> **Exercise material**
☆ ☆ ☆ ☆ ☆

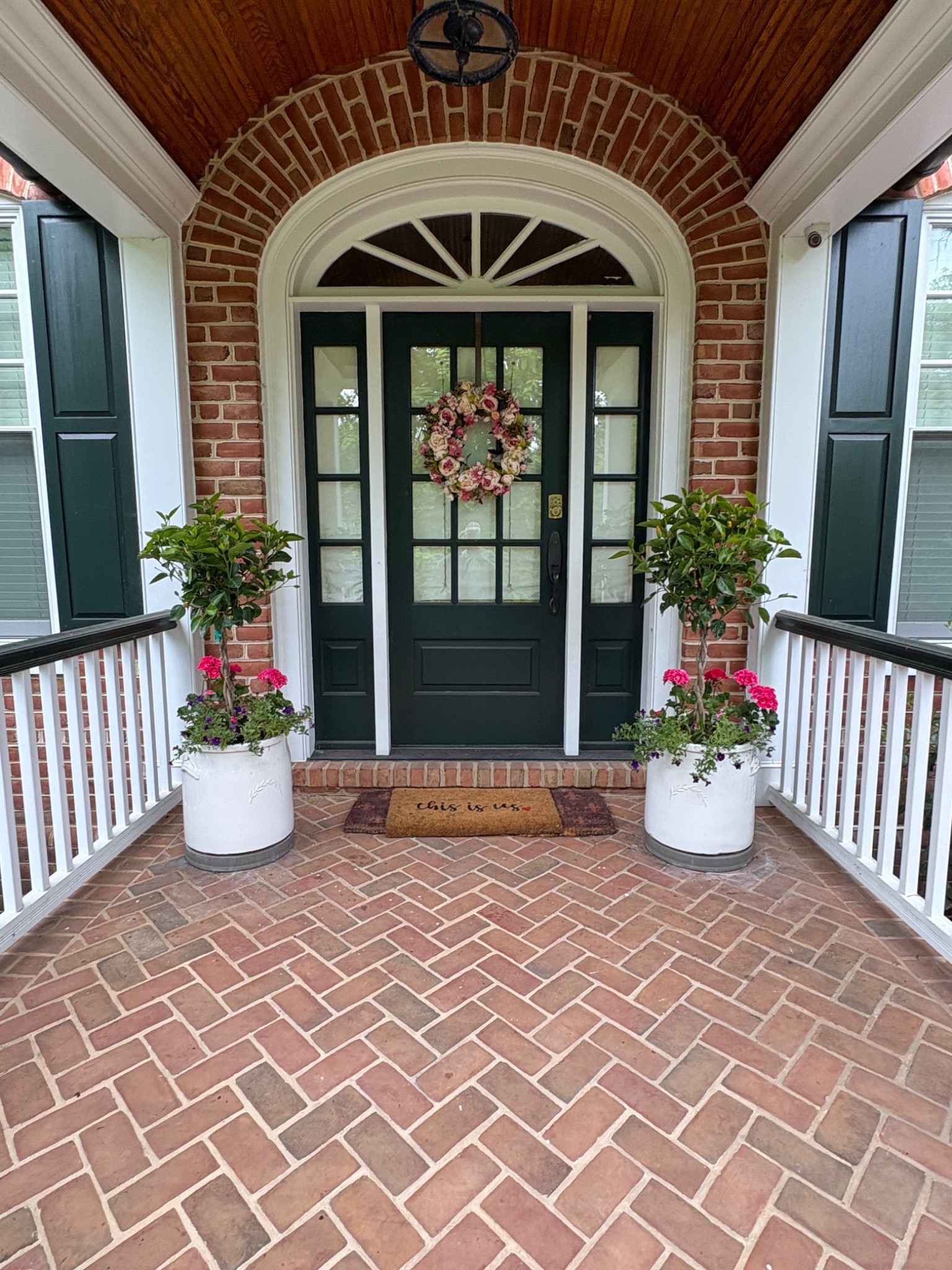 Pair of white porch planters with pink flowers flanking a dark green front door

☆ ☆ ☆ ☆ ☆

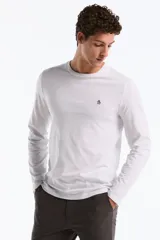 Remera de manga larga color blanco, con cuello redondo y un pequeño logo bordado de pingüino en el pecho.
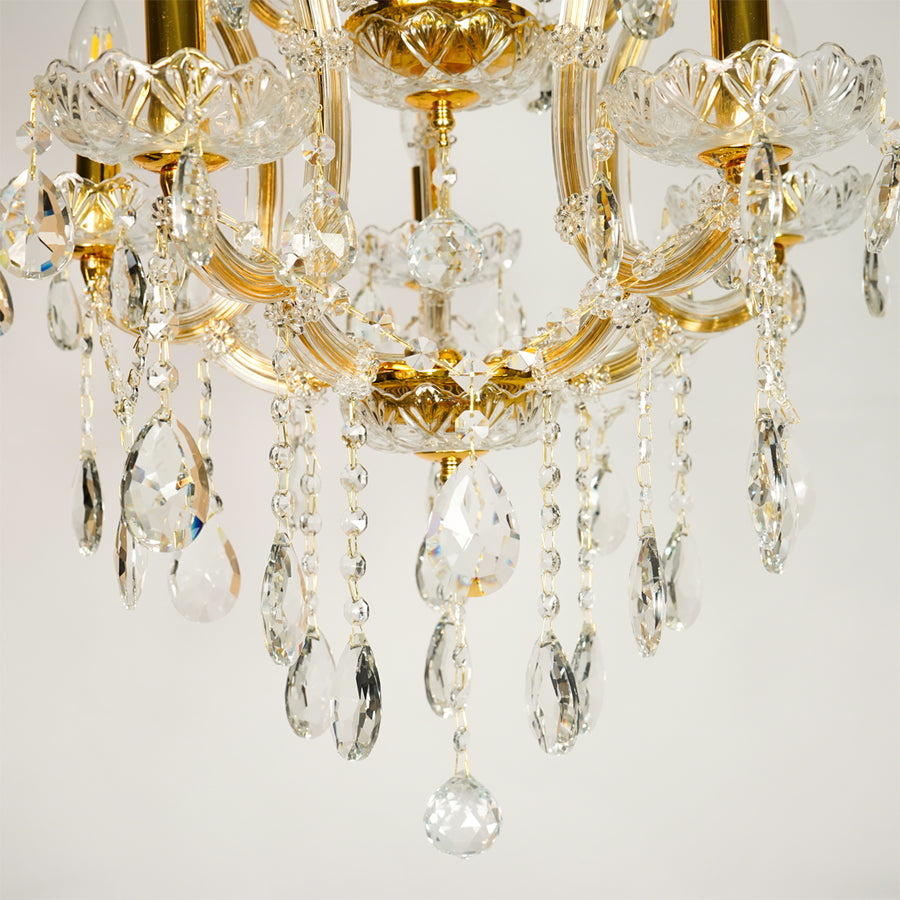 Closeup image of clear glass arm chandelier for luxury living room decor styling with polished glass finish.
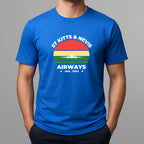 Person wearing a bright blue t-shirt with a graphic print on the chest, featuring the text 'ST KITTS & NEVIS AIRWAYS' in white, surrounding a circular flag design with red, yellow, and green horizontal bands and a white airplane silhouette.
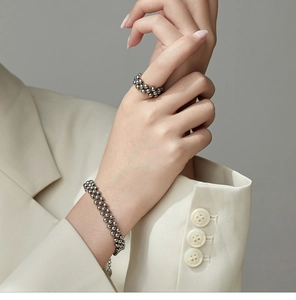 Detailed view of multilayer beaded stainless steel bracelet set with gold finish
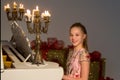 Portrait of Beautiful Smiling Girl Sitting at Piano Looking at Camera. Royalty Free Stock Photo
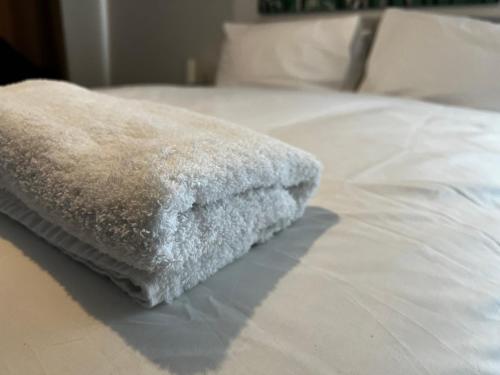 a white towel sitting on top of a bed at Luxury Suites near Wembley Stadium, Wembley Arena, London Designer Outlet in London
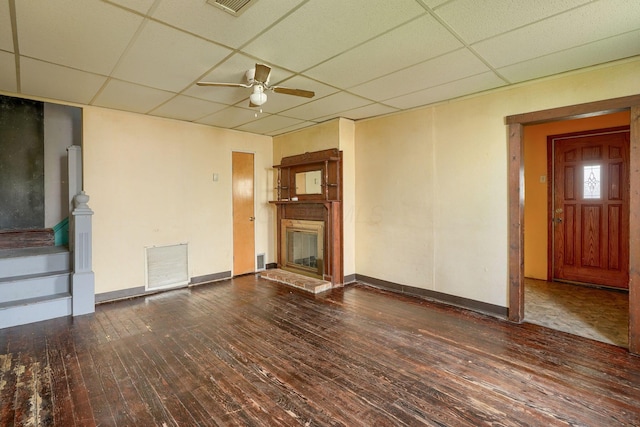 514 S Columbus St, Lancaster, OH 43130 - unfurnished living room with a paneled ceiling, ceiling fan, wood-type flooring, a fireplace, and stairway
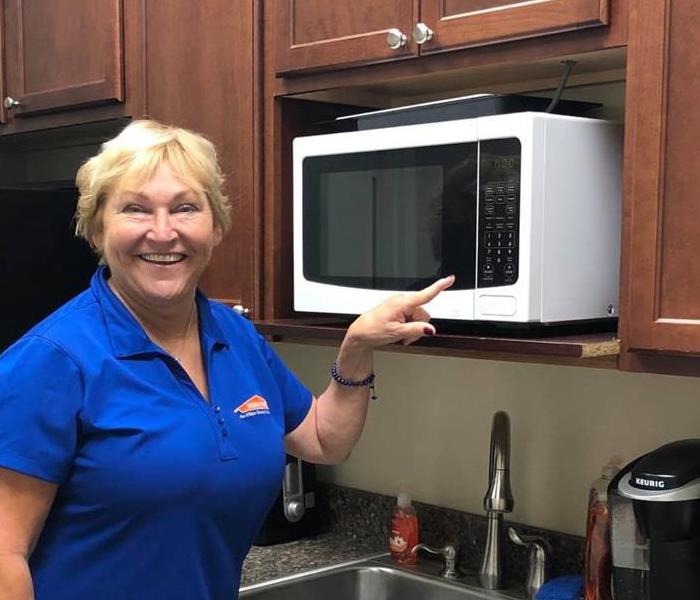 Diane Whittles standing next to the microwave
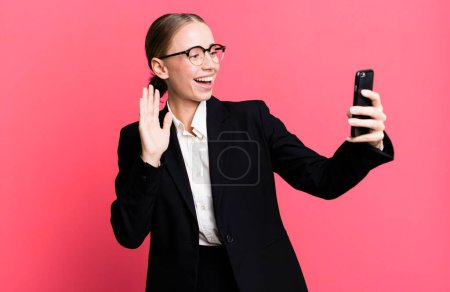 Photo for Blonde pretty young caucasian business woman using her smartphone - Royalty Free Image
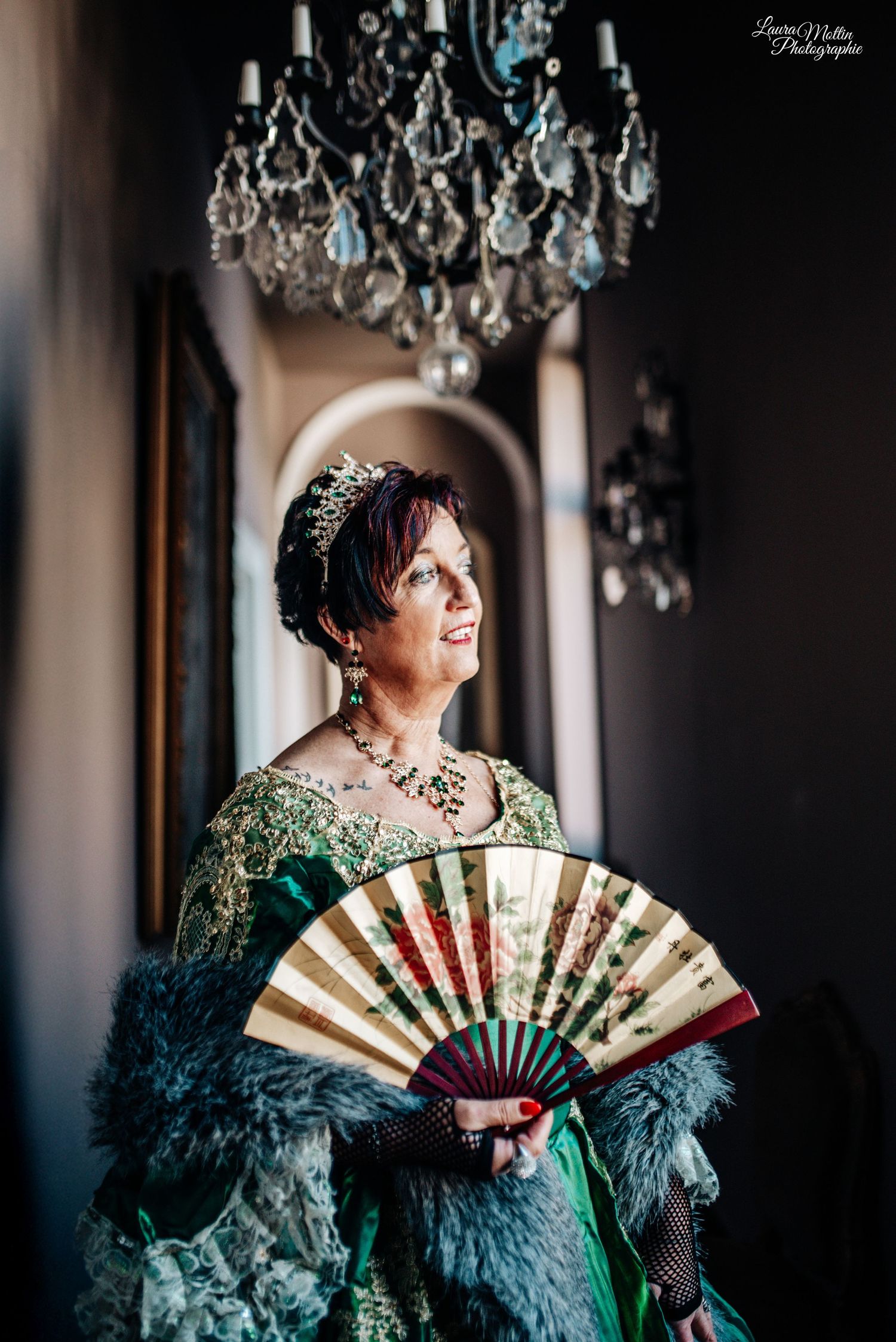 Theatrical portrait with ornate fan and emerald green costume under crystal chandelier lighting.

☆ ☆ ☆ ☆ ☆

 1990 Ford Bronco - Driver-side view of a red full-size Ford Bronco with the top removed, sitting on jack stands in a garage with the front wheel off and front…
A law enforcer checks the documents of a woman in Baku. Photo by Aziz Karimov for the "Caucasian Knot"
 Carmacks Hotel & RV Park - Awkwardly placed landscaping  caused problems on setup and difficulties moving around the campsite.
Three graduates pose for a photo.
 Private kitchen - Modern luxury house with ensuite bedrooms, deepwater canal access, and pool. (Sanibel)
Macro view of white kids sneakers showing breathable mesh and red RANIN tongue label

☆ ☆ ☆ ☆ ☆

> **Problem details**
The data above holds the lines to copy: start at the one with "Detailed view of", stop at the one with "Diane Whittles standing", include both, copy them exactly without pictures, and copy nothing else.

> **Answer to this problem**
 Detailed view of multilayer beaded stainless steel bracelet set with gold finish
 Portrait of Beautiful Smiling Girl Sitting at Piano Looking at Camera. Royalty Free Stock Photo
 a white towel sitting on top of a bed at Luxury Suites near Wembley Stadium, Wembley Arena, London Designer Outlet in London
 514 S Columbus St, Lancaster, OH 43130 - unfurnished living room with a paneled ceiling, ceiling fan, wood-type flooring, a fireplace, and stairway
 Diane Whittles standing next to the microwave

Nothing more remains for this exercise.